People with spinal osteoporosis often suffer back pain that cannot be relieved by exercise or medication. Physiotherapists with advanced training can use manual spinal joint mobilization techniques, also called manual therapy, to relieve the pain. However, there are questions about how safe the therapy is and whether the techniques pose a risk of causing fractures. Meena Sran is using bioengineering techniques to determine if manual therapy creates a risk of fracture in people with spinal osteoporosis. Besides assessing the spine’s ability to resist fracture during manual therapy by determining the pressure required to fracture vertebrae, she is also examining whether or not x-rays and CT scans can detect these fractures. The study will provide insights into the safety of manual therapy and ultimately help improve treatment of back pain in older adults with spinal osteoporosis.

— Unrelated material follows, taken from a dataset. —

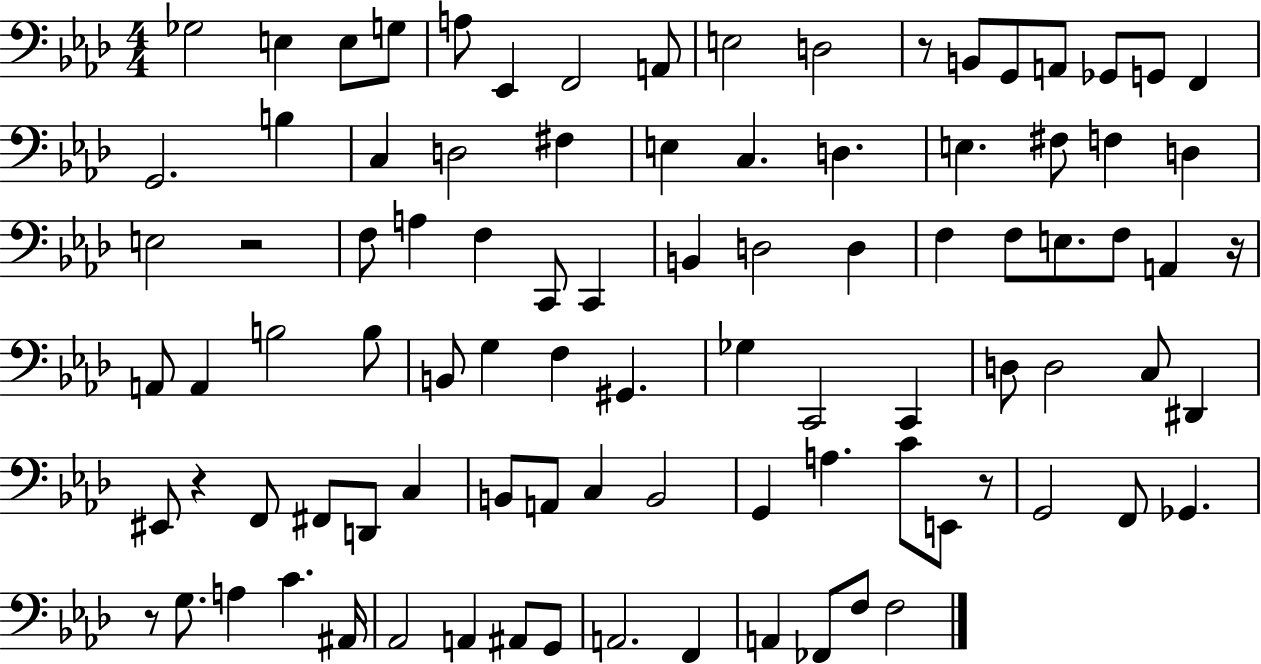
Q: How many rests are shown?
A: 6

Development of a direct computer interface using descending motor potentials recorded from the spinal cord

A variety of devices are available for individuals with motor impairments, such as electrical stimulation systems for locomotion. But people with severe disabilities are often unable to control these devices effectively. Dr. Jaimie Borisoff, who has published research papers on neural regeneration in the journals Experimental Neurology and Molecular and Cellular Neuroscience, is researching assistive technologies to enhance quality of life for people with severe disabilities. Jaimie is investigating whether motor control information can be recorded directly from the spinal cord, since much of the intentional and logistical processing has already been performed in the brain before the signal pathway terminates at the spinal lesion. If so, this information could be used to create a control system that uses signals from the spinal cord.

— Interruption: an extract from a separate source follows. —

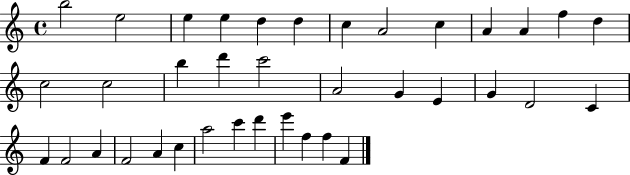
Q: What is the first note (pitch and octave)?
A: B5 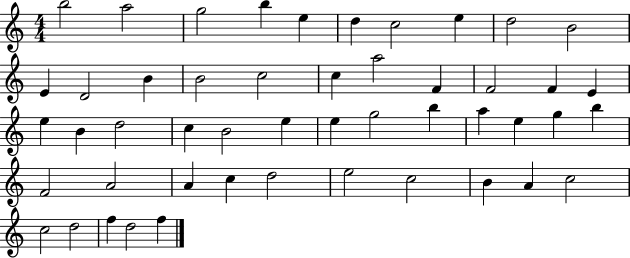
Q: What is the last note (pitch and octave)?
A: F5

The effects of a community-based exercise program on cognitive function and falls in older women with a history of falls: a 12-month randomized controlled trial

Falls are the most frequent cause of injuries and injury-related death in older people. Recent guidelines on preventing falls recognize cognitive impairment as a leading risk factor. People with cognitive impairment have 2.2 times greater risk for falls causing injuries and 1.7 times the mortality rate of older adults with regular cognitive function. Research on falls has not determined which domains of cognition — including attention, memory and perception — figure most significantly in this increased risk. Dr. Teresa Liu-Ambrose is investigating the specific dimensions of cognition most strongly associated with falls in older women. She is also examining the impact of a 12-month exercise program on these dimensions, and the relationship between changes in cognitive function and incidence of falls. Results from the study could contribute to the design of exercise programs to help prevent falls in older people.